Problem description: Please transcribe exactly, and only, the lines of the data below between the line holding "Murder on the Agenda" and the line holding "Used 2025 Dodge Durango GT image 38", inclusive.

Information:
------------------------------------------------------------------------

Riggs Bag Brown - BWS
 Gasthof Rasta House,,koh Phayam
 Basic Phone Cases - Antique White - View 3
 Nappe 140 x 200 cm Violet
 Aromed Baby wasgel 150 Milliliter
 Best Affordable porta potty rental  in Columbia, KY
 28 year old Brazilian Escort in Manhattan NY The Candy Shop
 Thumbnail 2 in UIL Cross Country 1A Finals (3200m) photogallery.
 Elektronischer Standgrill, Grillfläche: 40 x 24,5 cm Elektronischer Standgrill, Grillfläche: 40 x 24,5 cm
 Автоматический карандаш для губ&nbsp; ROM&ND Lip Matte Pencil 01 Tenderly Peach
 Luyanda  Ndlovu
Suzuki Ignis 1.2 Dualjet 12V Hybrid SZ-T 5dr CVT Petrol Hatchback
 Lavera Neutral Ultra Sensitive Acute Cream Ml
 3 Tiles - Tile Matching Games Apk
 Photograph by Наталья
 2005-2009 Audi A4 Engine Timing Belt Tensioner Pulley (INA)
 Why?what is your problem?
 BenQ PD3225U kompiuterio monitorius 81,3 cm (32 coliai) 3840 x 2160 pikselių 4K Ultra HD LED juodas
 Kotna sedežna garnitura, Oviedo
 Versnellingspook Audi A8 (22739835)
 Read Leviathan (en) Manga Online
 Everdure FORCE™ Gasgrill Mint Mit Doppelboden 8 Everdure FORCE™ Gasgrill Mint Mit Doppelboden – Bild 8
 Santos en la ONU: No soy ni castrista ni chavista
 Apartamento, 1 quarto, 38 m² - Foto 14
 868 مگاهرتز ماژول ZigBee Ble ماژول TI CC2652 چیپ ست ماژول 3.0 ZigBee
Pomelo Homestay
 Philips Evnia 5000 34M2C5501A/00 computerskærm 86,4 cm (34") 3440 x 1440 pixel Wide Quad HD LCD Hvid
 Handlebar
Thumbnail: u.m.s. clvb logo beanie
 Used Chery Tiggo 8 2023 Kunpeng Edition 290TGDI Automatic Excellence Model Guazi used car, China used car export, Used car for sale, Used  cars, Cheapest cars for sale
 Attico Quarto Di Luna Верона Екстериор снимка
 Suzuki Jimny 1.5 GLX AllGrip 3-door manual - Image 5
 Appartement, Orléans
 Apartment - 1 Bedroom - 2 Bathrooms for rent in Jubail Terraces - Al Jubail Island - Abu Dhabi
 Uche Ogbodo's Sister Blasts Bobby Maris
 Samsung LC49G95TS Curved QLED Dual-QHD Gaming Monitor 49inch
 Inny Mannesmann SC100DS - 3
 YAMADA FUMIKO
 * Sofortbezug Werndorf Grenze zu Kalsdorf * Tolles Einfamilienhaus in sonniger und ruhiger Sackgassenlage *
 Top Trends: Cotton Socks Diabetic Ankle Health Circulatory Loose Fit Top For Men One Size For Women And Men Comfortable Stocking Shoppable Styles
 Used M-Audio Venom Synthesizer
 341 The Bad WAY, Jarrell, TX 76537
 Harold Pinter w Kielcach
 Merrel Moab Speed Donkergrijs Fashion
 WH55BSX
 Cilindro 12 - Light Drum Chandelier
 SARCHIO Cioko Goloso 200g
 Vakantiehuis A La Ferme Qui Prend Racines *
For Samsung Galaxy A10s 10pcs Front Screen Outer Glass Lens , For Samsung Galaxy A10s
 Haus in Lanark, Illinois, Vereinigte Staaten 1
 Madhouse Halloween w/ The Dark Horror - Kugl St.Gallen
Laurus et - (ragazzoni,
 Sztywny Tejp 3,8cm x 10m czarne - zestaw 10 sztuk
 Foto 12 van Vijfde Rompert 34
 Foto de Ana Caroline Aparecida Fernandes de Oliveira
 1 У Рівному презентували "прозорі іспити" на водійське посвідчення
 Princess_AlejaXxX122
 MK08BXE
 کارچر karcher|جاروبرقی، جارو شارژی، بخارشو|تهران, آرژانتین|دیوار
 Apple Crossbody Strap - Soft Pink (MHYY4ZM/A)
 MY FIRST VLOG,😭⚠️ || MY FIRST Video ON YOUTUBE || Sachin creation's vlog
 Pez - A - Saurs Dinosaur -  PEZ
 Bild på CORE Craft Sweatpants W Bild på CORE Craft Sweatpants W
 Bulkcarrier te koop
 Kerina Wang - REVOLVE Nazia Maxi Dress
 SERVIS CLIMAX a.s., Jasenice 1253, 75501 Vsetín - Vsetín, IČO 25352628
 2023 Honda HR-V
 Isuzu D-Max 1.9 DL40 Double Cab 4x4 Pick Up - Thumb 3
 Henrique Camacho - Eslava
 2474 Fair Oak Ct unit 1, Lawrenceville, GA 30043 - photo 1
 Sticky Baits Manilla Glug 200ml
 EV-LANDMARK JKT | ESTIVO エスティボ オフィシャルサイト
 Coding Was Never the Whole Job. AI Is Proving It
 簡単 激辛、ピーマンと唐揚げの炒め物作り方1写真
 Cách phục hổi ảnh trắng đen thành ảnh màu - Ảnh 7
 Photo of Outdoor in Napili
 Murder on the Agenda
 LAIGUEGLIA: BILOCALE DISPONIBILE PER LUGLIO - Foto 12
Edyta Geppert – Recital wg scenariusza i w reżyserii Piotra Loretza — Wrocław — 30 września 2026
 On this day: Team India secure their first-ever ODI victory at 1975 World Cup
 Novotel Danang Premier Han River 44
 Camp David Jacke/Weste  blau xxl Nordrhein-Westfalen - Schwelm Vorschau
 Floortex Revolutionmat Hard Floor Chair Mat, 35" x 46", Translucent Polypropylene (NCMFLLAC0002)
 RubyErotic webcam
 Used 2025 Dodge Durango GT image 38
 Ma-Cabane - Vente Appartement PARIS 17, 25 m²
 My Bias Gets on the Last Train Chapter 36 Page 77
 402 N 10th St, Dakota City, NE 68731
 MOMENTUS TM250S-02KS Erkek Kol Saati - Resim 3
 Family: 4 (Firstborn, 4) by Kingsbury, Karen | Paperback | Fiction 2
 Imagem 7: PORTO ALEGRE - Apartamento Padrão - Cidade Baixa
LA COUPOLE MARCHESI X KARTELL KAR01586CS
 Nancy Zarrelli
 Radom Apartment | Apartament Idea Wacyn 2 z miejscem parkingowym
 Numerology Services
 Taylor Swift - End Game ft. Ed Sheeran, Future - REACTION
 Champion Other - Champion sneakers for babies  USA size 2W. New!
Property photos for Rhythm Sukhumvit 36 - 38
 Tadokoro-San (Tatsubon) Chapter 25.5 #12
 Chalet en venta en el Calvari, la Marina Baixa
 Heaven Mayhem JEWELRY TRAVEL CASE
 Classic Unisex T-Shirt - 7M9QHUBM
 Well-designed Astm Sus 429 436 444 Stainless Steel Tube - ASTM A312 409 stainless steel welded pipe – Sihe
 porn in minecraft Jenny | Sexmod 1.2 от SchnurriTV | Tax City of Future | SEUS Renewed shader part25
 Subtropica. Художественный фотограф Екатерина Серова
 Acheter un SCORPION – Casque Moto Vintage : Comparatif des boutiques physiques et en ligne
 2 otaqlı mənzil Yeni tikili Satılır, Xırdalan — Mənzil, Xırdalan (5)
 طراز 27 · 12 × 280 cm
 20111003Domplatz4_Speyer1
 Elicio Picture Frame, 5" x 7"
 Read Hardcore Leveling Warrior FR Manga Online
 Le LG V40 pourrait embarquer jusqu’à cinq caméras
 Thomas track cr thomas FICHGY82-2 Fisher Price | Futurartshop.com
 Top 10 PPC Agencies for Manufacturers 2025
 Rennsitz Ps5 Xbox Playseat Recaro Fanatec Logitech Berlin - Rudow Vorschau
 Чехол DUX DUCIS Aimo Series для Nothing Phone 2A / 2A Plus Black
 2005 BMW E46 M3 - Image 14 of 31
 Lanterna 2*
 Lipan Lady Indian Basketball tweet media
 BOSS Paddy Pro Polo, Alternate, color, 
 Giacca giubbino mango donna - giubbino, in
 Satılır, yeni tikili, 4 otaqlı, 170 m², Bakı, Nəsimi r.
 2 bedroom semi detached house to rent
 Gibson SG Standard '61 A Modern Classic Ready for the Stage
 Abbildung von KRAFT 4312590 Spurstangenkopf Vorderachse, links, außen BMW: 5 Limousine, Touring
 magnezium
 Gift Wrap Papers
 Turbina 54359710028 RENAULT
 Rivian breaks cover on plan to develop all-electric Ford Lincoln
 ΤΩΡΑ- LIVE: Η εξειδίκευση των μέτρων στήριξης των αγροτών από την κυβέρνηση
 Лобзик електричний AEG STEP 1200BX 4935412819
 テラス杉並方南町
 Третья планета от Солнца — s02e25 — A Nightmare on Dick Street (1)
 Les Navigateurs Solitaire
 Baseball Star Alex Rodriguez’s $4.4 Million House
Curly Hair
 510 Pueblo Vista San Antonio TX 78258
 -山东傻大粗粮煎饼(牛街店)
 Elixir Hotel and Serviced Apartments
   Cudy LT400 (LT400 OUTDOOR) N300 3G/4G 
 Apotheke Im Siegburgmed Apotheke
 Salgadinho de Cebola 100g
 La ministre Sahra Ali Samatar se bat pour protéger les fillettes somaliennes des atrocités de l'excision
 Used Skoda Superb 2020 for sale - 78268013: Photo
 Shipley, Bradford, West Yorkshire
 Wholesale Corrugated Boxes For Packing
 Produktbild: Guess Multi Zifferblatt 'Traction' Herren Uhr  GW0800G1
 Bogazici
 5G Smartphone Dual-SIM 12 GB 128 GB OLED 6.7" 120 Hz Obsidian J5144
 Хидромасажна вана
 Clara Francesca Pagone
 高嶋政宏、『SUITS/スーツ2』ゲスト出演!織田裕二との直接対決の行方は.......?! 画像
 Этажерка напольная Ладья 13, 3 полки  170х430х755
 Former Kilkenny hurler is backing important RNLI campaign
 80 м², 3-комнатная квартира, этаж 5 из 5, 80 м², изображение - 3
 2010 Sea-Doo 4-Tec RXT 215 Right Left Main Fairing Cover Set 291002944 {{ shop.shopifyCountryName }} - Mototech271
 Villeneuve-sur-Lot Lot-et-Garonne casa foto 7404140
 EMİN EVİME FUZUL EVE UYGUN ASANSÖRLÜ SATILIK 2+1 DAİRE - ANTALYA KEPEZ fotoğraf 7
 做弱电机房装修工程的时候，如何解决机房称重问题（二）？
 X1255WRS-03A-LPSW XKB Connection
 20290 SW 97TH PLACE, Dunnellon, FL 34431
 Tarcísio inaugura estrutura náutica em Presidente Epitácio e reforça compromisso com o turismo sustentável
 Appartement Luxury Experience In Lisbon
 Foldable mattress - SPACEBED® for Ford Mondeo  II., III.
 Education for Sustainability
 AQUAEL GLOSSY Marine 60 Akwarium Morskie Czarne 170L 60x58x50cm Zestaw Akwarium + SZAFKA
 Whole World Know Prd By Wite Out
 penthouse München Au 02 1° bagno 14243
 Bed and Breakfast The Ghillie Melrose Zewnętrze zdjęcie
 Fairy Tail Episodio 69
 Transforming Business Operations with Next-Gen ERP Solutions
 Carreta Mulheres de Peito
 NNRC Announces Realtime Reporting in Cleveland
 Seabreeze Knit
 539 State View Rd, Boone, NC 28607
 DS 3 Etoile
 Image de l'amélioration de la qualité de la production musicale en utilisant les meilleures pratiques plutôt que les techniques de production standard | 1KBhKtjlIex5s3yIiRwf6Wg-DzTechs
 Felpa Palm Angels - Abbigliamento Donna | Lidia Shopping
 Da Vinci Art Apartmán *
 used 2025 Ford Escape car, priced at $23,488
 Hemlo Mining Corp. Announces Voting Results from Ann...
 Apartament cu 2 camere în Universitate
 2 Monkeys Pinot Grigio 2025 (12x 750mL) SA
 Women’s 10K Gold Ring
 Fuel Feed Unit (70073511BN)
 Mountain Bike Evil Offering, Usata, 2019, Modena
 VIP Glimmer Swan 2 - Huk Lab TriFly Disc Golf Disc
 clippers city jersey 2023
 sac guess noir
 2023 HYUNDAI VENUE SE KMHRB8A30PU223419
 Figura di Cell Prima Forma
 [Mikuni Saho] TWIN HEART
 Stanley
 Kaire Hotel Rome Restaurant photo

------------------------------------------------------------------------

Answer:
 Murder on the Agenda
 LAIGUEGLIA: BILOCALE DISPONIBILE PER LUGLIO - Foto 12
Edyta Geppert – Recital wg scenariusza i w reżyserii Piotra Loretza — Wrocław — 30 września 2026
 On this day: Team India secure their first-ever ODI victory at 1975 World Cup
 Novotel Danang Premier Han River 44
 Camp David Jacke/Weste  blau xxl Nordrhein-Westfalen - Schwelm Vorschau
 Floortex Revolutionmat Hard Floor Chair Mat, 35" x 46", Translucent Polypropylene (NCMFLLAC0002)
 RubyErotic webcam
 Used 2025 Dodge Durango GT image 38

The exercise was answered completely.